In a new relationship, people have a tendency at times to present themselves in a way that they feel is what the other wants, and then somewhere along the line, things change. People relax, get comfortable with each other and the charade ends…their true selves come out and at times, it is much different than what was presented in the beginning. Now sometimes that’s not a problem, but often times it’s a deal breaker. Suddenly people find themselves knee deep in a new relationship with someone who isn’t who they thought, a stranger. The old bait and switch. Now there are times this happens honestly without ill intentions. People naturally want to make a good impression and try hard to bend and accommodate every little thing all in the name of finding love. Perhaps some are insecure and afraid that this new person would not like the “real” them. Whatever the reason, honesty at times takes a back seat in lieu of finding a mate. And honesty not just towards each other, but towards oneself.

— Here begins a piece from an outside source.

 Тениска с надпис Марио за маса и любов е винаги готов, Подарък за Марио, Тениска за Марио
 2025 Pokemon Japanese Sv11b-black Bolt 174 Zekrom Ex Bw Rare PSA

As human beings, we are constantly unsure of what it is that we really want. We make this list of qualities that we believe are the “must haves” for a significant other from superficial traits like looks and body type to more internal traits like intelligence and trustworthiness. Unfortunately, what we think we want and what we actually want tend to be two different things. I find this to be true personally looking back at the relationships I have been in. I used to think that some of the qualities I have would be attractive to a man; from my independence and ability to take care of myself, to my love of football and beer and my low maintenance personality. However, I have found that men will say that those are things that they have been looking for, but well into the relationship, I find myself defending the very qualities that they stated they found attractive in the beginning. It is frustrating to say the least.

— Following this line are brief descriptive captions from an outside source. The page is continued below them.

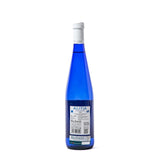 O'Ventoselo Alitia Albariño white wine 75cl - British product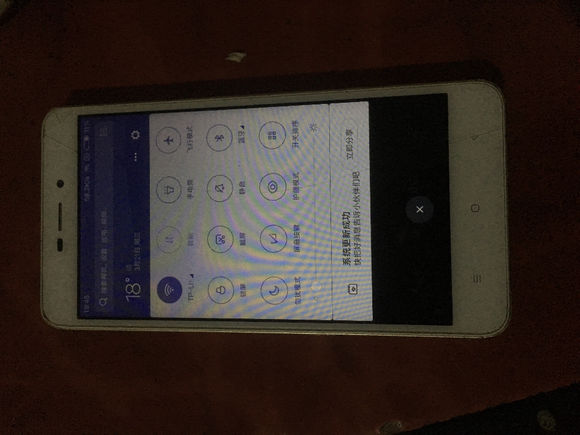 红米4a最新安卓系统是什么版本,红米4a是miui多少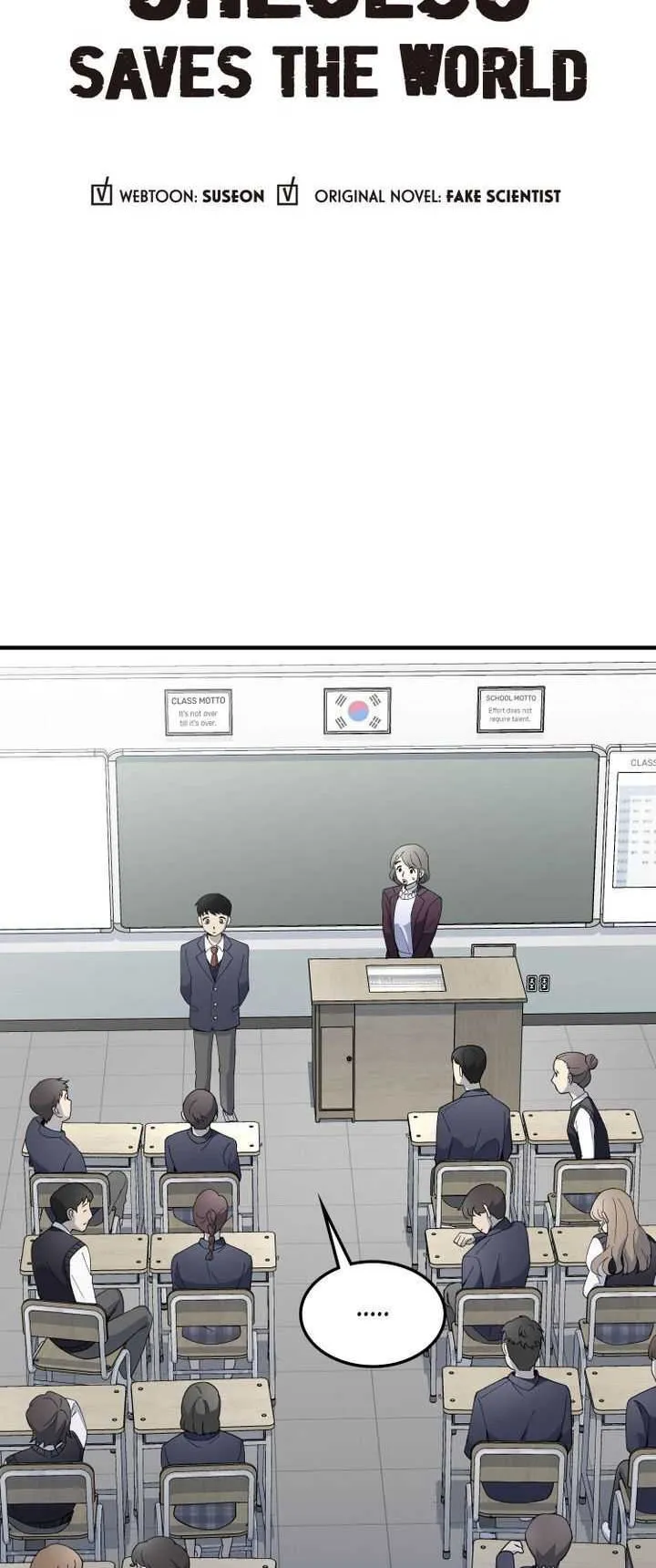Cheolsu Saves the World ตอนที่ 3 หน้า 10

To be fair, I have to say that it does happen, and I include myself in this next section, that qualities and behaviors that start off as being attractive in the beginning of a relationship, can sometimes become a problem later on. What began as a cute quirk becomes an annoying habit. What starts off as highly lovable ends up being the reason you can’t stand one more second with him/her and you end up with a War of the Roses moment. In the end, most people just want to find someone who accepts them, wholly, quirks and all without feeling as though they are somehow compromising themselves or settling for something less than they deserve. I suppose this is easier said than does judging by the dating population and the number of websites devoted to helping people find one another, but certainly not a lost cause. Love, is never a lost cause.
Chubby Walrus:
The Mermaid is on target and insightful. I have heard a fresh relationship being described as the ‘new car aroma.’ Something intentionally put forward as a potential couple strives to impress each other with the best effort possible. Brightest smile, wittiest humor, most heartfelt embrace. Who wouldn’t want their greatest charms to be on display when a romance begins? But as she observes, old habits rarely change. Thus, the divergence between appearance and reality takes over. And often – disappointment overwhelms the attraction.
When both people involved practice this method, romance can flourish only to die in the light of day and truth.

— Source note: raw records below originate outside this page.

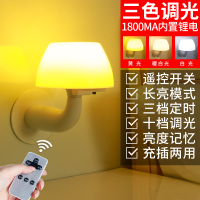 小夜灯节能插电婴儿喂奶护眼卧室感应光控遥控睡眠卫生间led夜光 三色光-充电款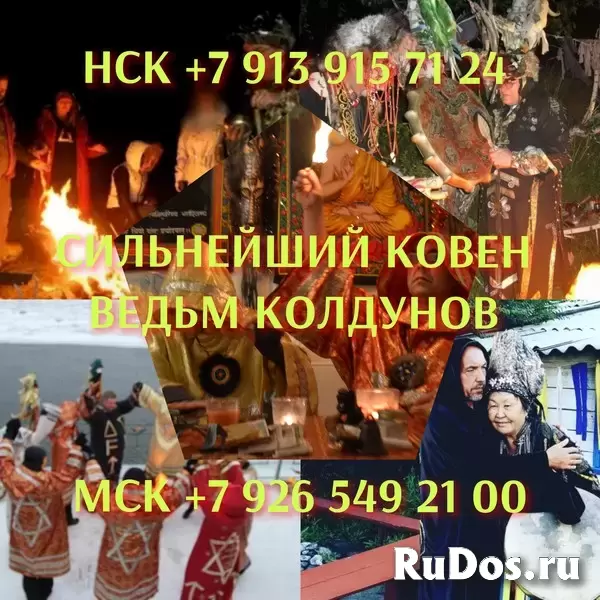 ЗАГОВОРЫ ЧТОБ МУЖ ЛЮБИЛ ЖЕНУ БОЛЬШЕ ЖИЗНИ И УВАЖАЛ Читать заговор изображение 3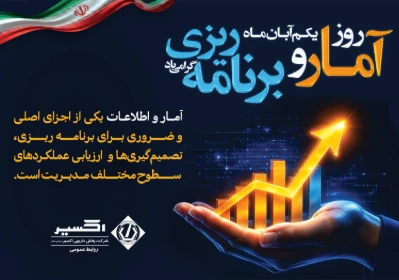 روز برنامه‌ریزی و آمار گرامی باد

In my own experience, I have sometimes been guilty of the opposite. Not offering a gleaming self for inspection by another. Not looking for someone to impress with a talented act. Instead simply being myself. A lazy strategy? Or one lacking preparation? Perhaps both. The result has been that my serious relationships always came from those I had first treasured as compadres.
Marry your best friend.’ I have been given this advice in the past. For one already divorced twice, it has become difficult to hear the ‘M-word’ under any circumstances. Yet perhaps this plan is better, in terms of seeking a relationship, than the familiar, theatrical dance of desire.
The Old bait and Switch’ left me wondering who my partners had become, in yonder days. When in reality, they had done nothing more than simply reveal themselves.
The Mermaid and I agree - ‘Love is never a lost cause.’

1 comment:

  1. Very well written. to be completely honest I for one was very naive in what Marriage" or "Relationships" meant, I believed the other person was as truthful as myself! Today's world is based on appearance etc. rather that the quality of a loving,lasting relationship, I find this very sad...So-o to coin an old phrase "What ya see is what ya get" isn't enough, then I am content to be alone.